What is needed> Wherever the line with "Rutschhemmender dünner Teppich" sits in the listing below, transcribe from it up to and including the line with "Tondiamo 12 Sets", exactly, and leave the remaining lines out.

Material to process>
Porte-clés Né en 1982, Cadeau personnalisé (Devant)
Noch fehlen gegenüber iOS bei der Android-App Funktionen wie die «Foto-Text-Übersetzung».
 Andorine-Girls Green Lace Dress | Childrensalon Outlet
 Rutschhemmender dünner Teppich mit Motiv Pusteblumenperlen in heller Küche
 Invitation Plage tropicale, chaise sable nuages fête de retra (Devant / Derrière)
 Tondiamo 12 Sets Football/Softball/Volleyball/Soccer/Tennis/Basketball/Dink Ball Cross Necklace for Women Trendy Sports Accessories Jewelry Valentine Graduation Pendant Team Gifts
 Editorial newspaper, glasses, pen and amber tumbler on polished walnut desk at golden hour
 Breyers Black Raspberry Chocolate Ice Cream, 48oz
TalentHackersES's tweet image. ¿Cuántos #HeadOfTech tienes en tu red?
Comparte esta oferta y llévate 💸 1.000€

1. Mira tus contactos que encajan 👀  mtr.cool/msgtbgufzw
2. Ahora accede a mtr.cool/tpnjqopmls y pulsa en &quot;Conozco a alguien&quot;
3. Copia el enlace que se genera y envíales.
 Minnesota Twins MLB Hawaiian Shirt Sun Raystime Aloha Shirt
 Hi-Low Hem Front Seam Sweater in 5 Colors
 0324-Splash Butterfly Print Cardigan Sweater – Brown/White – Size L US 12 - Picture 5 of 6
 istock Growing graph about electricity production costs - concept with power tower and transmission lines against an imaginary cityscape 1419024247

Reply>
 Rutschhemmender dünner Teppich mit Motiv Pusteblumenperlen in heller Küche
 Invitation Plage tropicale, chaise sable nuages fête de retra (Devant / Derrière)
 Tondiamo 12 Sets Football/Softball/Volleyball/Soccer/Tennis/Basketball/Dink Ball Cross Necklace for Women Trendy Sports Accessories Jewelry Valentine Graduation Pendant Team Gifts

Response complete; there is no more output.